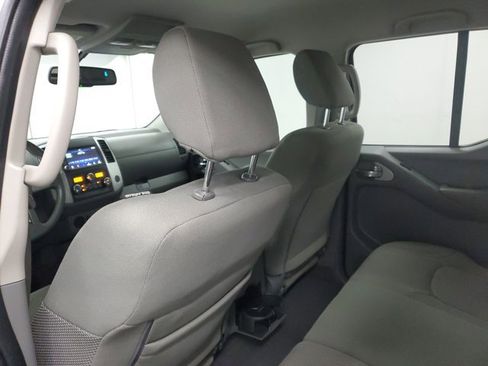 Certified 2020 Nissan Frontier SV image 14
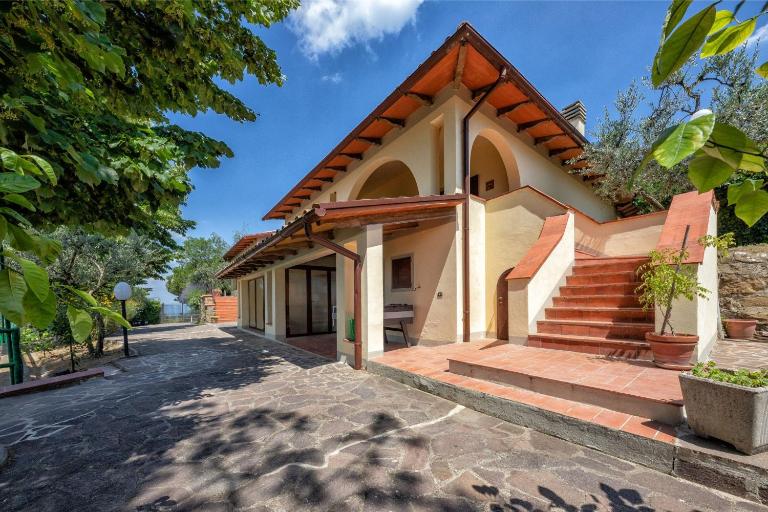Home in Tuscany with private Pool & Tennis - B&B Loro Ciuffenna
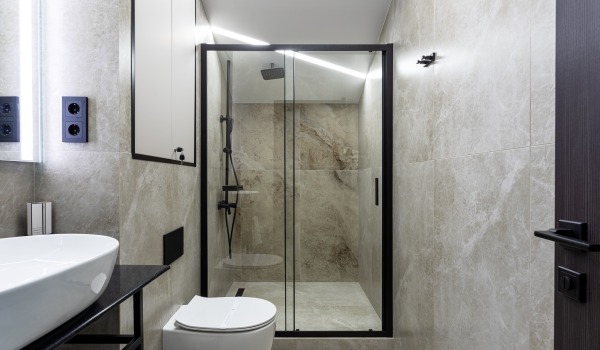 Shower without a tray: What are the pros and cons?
****************************************
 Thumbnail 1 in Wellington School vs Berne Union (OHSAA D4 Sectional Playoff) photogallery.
****************************************
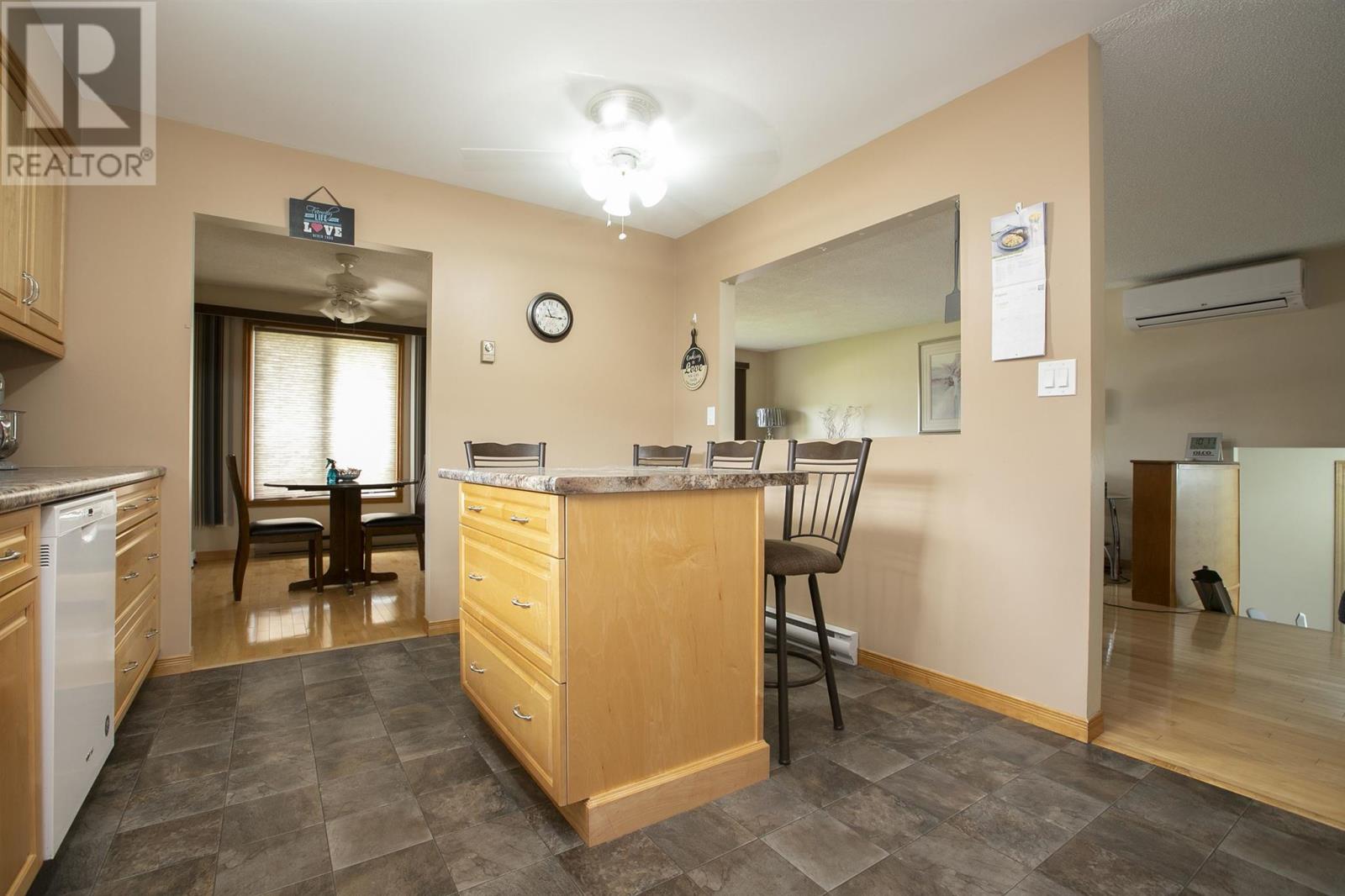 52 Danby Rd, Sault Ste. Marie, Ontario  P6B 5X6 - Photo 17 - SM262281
****************************************
== Exercise instructions ==
Exactly reproduce the lines above, starting at the one that contains "Certified 2020 Nissan Frontier SV image 14" and ending at the one that contains "Shower without a", both inclusive; leave the pictures out and add no other lines.

== Solution ==
 Certified 2020 Nissan Frontier SV image 14
Home in Tuscany with private Pool & Tennis - B&B Loro Ciuffenna
 Shower without a tray: What are the pros and cons?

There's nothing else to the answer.